Transcribe each of the records below exactly, excluding all pictures.

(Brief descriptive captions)
= Beginning of Section =

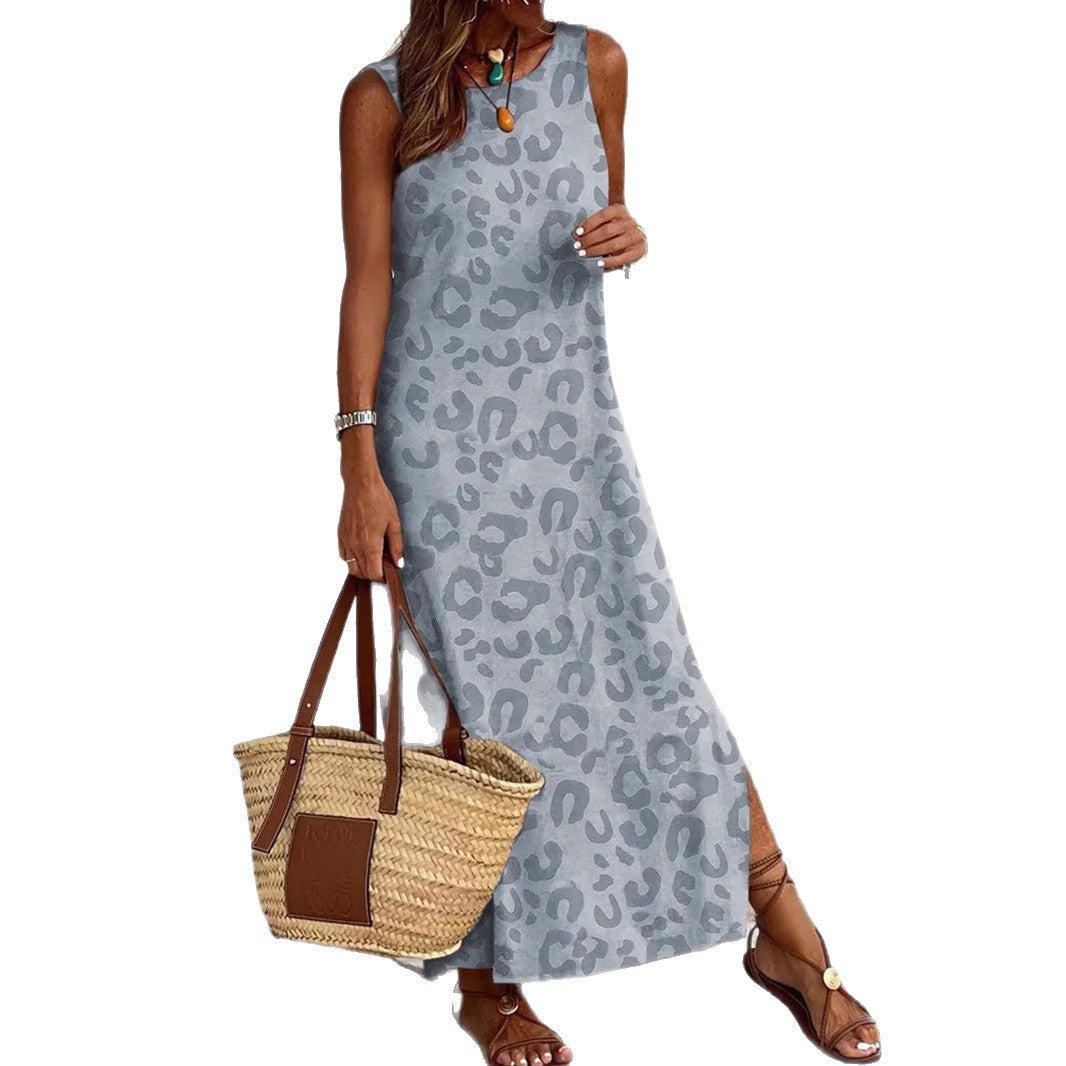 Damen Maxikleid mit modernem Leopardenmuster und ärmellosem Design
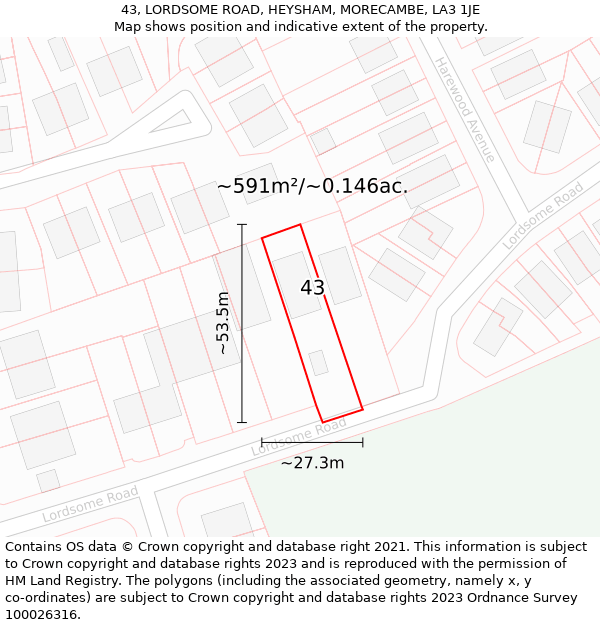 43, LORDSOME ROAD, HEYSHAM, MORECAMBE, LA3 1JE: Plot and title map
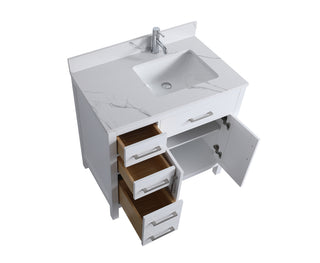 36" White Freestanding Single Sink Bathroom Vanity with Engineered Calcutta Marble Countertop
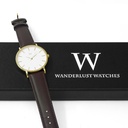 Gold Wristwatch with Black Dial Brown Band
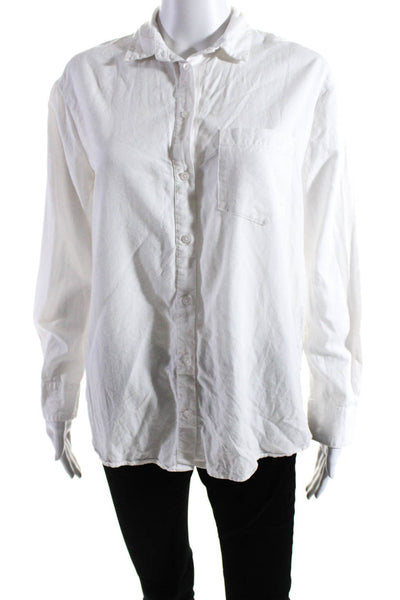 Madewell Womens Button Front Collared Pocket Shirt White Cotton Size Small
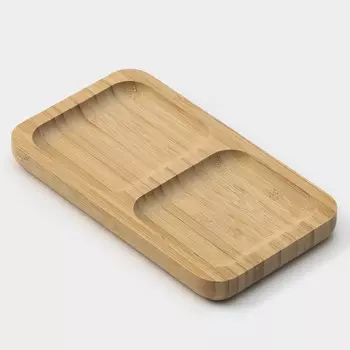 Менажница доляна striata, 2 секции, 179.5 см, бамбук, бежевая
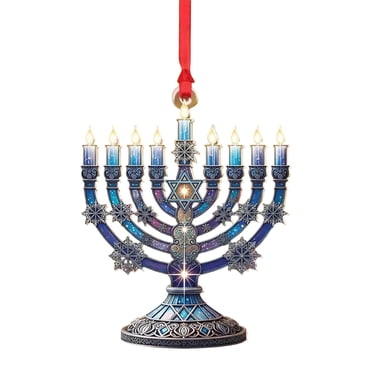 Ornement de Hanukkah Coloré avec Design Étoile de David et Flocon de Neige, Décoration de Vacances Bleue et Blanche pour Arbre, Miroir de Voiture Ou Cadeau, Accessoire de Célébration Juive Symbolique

= End of Section =

SOLVED PROBLEM:
 Damen Maxikleid mit modernem Leopardenmuster und ärmellosem Design
 43, LORDSOME ROAD, HEYSHAM, MORECAMBE, LA3 1JE: Plot and title map
 36" White Freestanding Single Sink Bathroom Vanity with Engineered Calcutta Marble Countertop
 Gold Wristwatch with Black Dial Brown Band
 Madewell Womens Button Front Collared Pocket Shirt White Cotton Size Small
 Менажница доляна striata, 2 секции, 179.5 см, бамбук, бежевая
 Ornement de Hanukkah Coloré avec Design Étoile de David et Flocon de Neige, Décoration de Vacances Bleue et Blanche pour Arbre, Miroir de Voiture Ou Cadeau, Accessoire de Célébration Juive Symbolique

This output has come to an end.